▶ _WORK REQUIRED_
Only the pictures should be dropped; every line of the data must come back exactly as written.

▶ _Captioned web images_
■ ■ ■

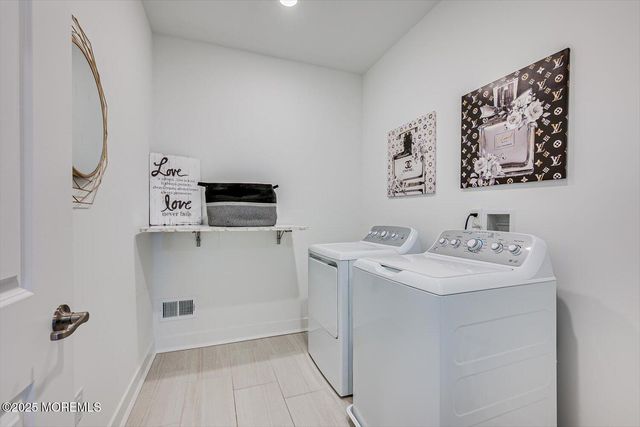 1001 Navigator Avenue, Marlboro, NJ 07746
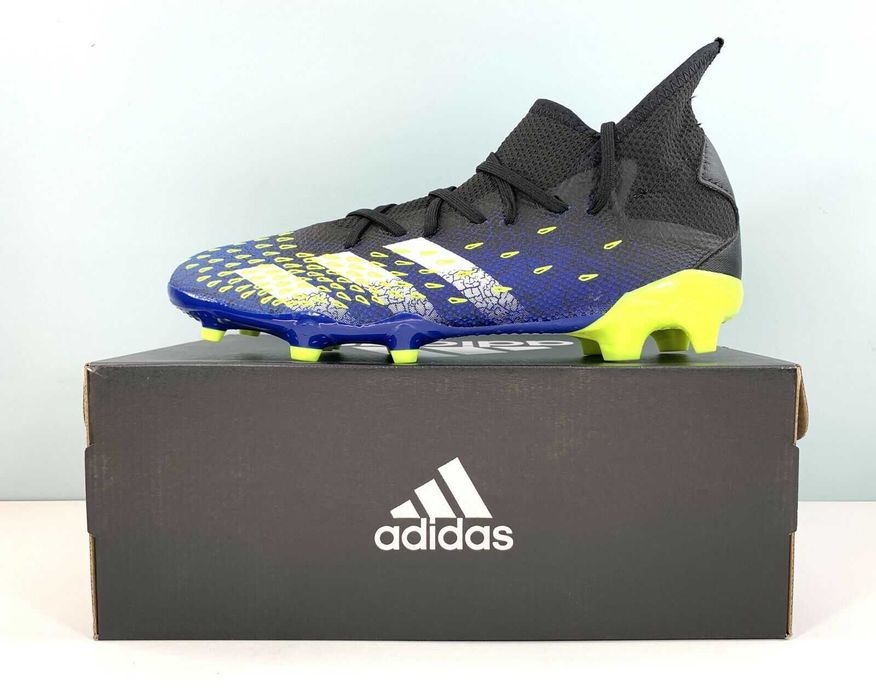 Оригинални спортни обувки *ADIDAS PREDATOR FREAK 3 FG * 45 1/3 -46 2/3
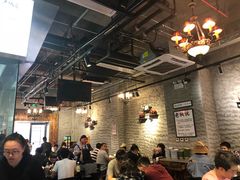大堂-巴四老城区炭火蛙锅(张江店)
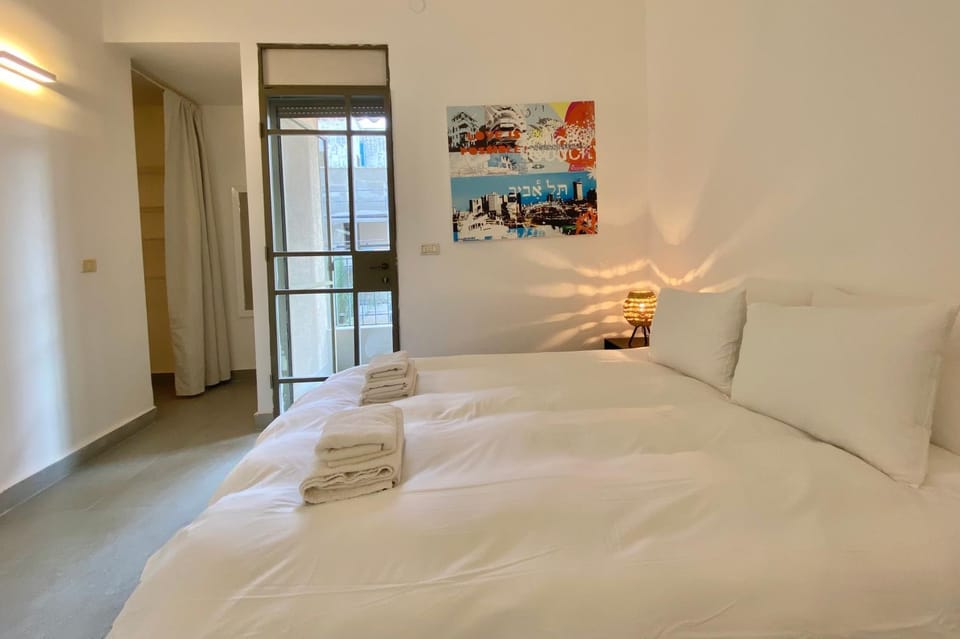 Ness Tsiyona 9 - By Beach Apartments TLV Apartment in Tel Aviv-Yafo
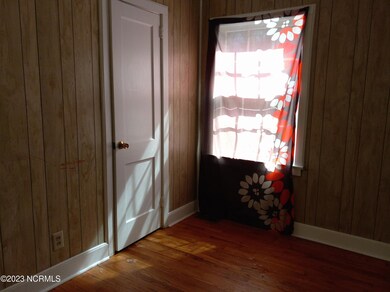 104 S Cypress Street bed 1 20230319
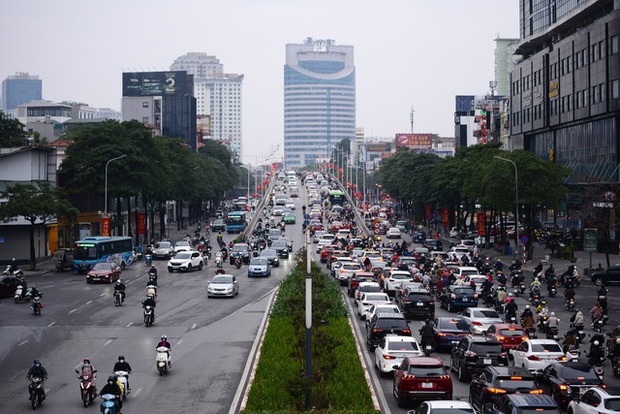 Ngày đầu đi làm sau kì nghỉ Tết: Đường phố Hà Nội kẹt cứng, TP.HCM thông thoáng - Ảnh 7.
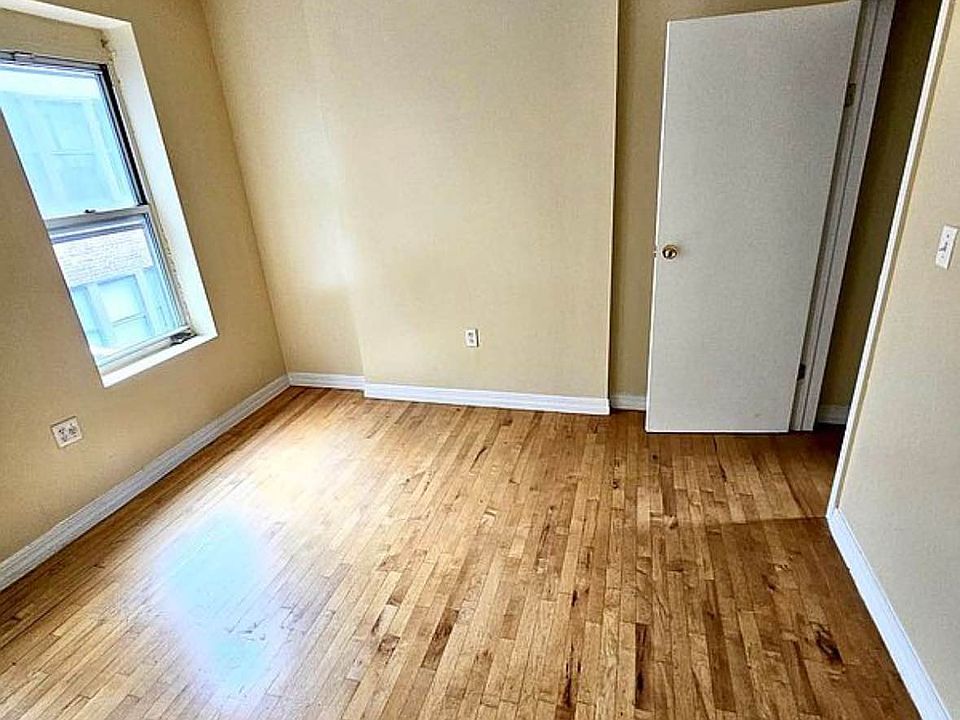 2nd image of 1461 Amsterdam Ave APT 2C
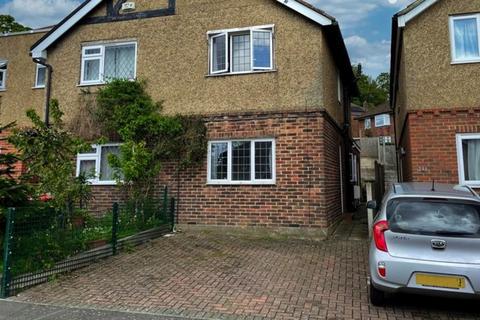 4 bedroom semi-detached house to rent, Pretoria Road, Kent CT1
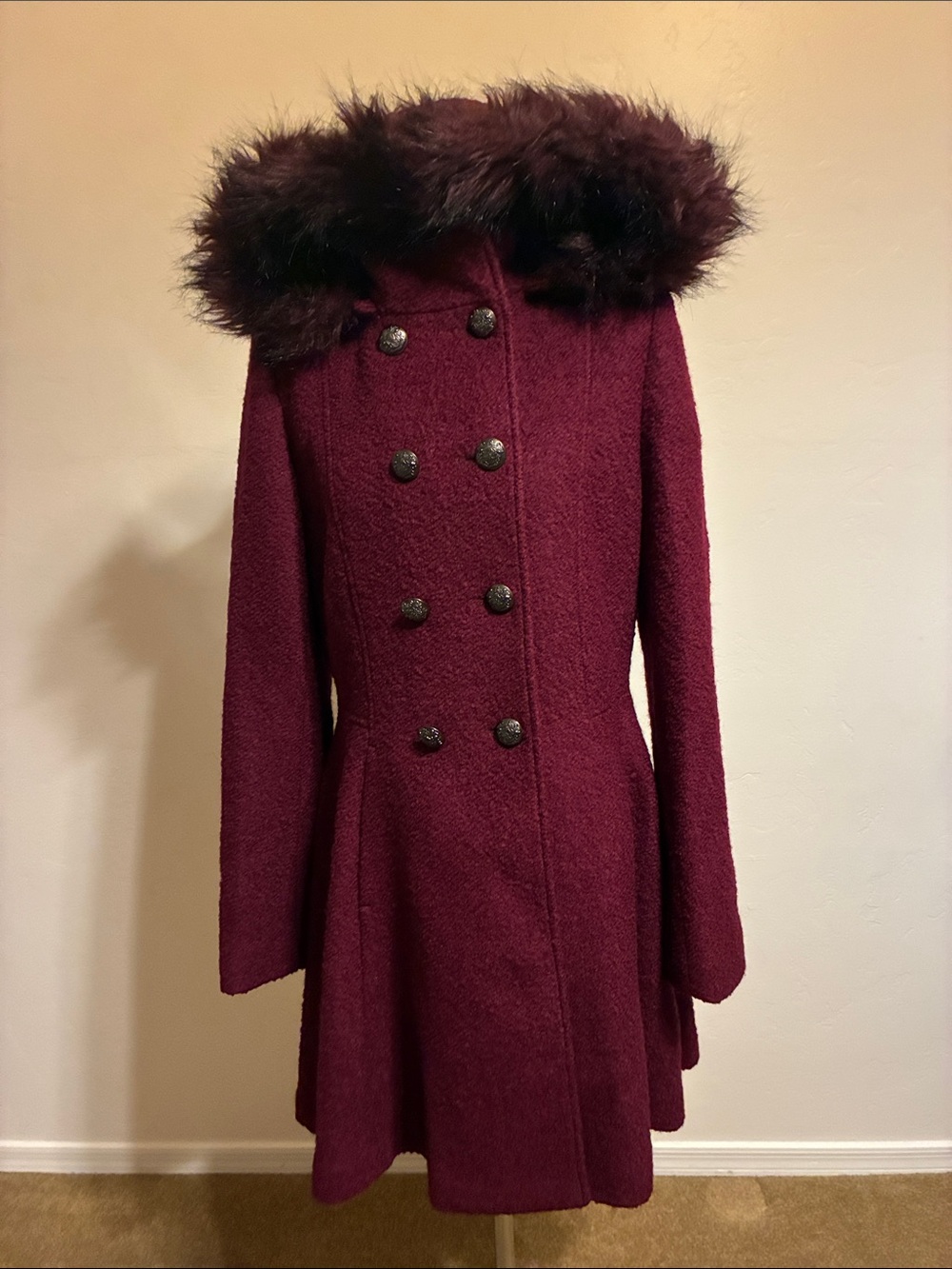 Liz Claiborne Burgundy Bouclé Wool Blend Faux Fur Hood Swing Coat M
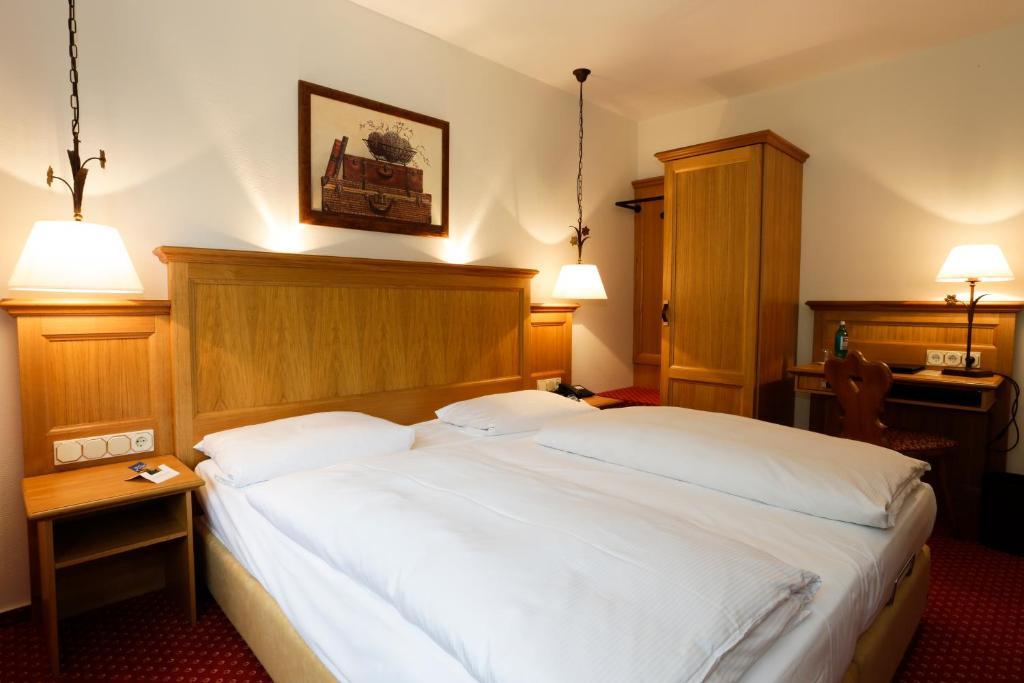 Landgasthof Hotel Hess Neuenstein 部屋 写真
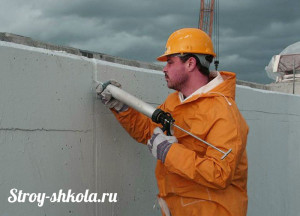 Большие зазоры между плитами заливают герметиком или запенивают
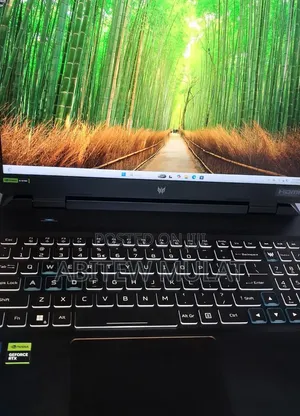 New Laptop Acer Predator Helios 300 16GB Intel Core i9 SSD 1T
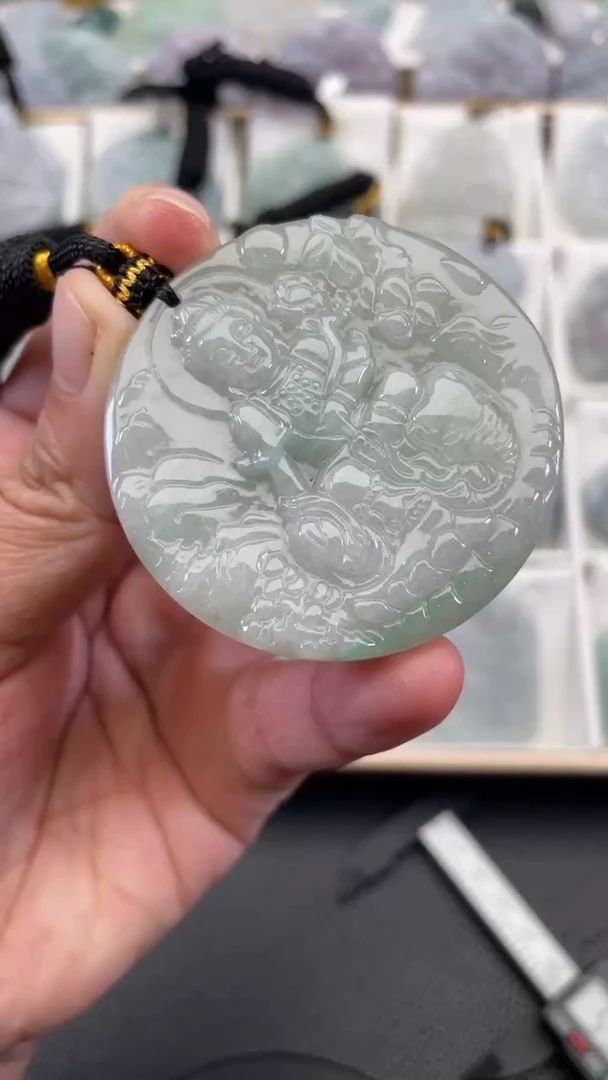 颈饰未镶嵌翡翠天然缅甸翡翠A货225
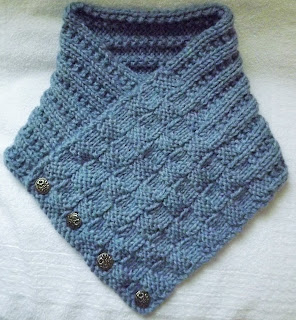 http://www.craftsy.com/pattern/knitting/accessory/elegant-neck-warmer/134607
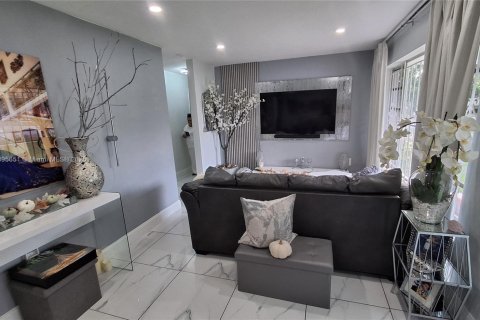 House in Miami, Florida 3 bedrooms, 160.91 sq.m. № 1948898 - photo 14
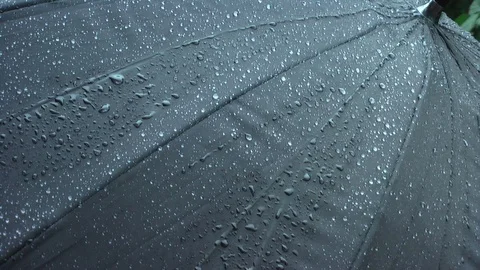 Raindrops flow down the umbrella. Vídeo Stock 95703889
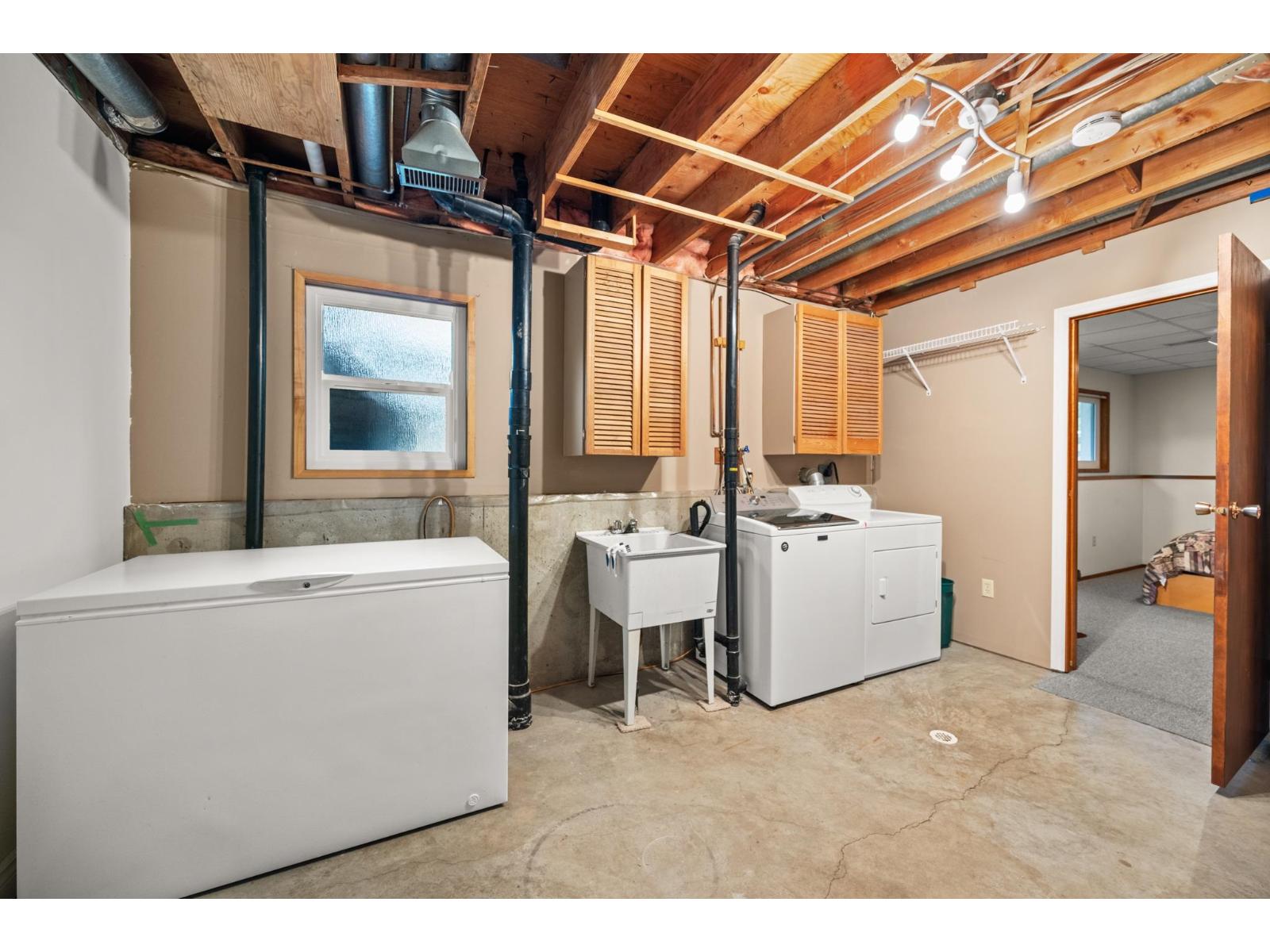 9315 213 Street, Langley, British Columbia  V1M 1Z6 - Photo 16 - R3112451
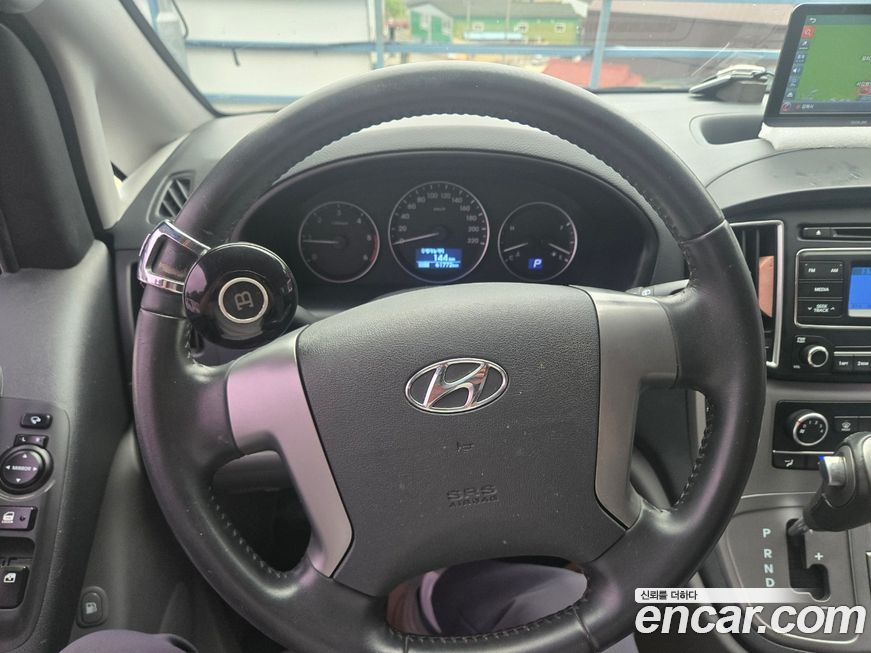 Hyundai Starex 2021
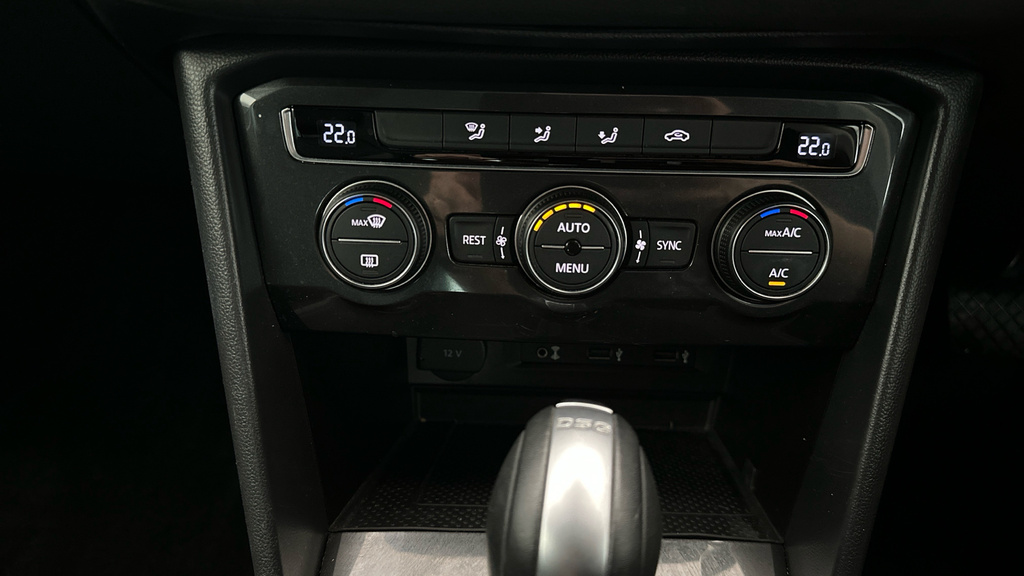 Volkswagen Tiguan Se  #13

■ ■ ■

▶ _EXERCISE SOLUTION_
 1001 Navigator Avenue, Marlboro, NJ 07746
 Оригинални спортни обувки *ADIDAS PREDATOR FREAK 3 FG * 45 1/3 -46 2/3
大堂-巴四老城区炭火蛙锅(张江店)
 Ness Tsiyona 9 - By Beach Apartments TLV Apartment in Tel Aviv-Yafo
 104 S Cypress Street bed 1 20230319
 Ngày đầu đi làm sau kì nghỉ Tết: Đường phố Hà Nội kẹt cứng, TP.HCM thông thoáng - Ảnh 7.
 2nd image of 1461 Amsterdam Ave APT 2C
 4 bedroom semi-detached house to rent, Pretoria Road, Kent CT1
 Liz Claiborne Burgundy Bouclé Wool Blend Faux Fur Hood Swing Coat M
 Landgasthof Hotel Hess Neuenstein 部屋 写真
 Большие зазоры между плитами заливают герметиком или запенивают
 New Laptop Acer Predator Helios 300 16GB Intel Core i9 SSD 1T
 颈饰未镶嵌翡翠天然缅甸翡翠A货225
 http://www.craftsy.com/pattern/knitting/accessory/elegant-neck-warmer/134607
 House in Miami, Florida 3 bedrooms, 160.91 sq.m. № 1948898 - photo 14
 Raindrops flow down the umbrella. Vídeo Stock 95703889
 9315 213 Street, Langley, British Columbia  V1M 1Z6 - Photo 16 - R3112451
 Hyundai Starex 2021
 Volkswagen Tiguan Se  #13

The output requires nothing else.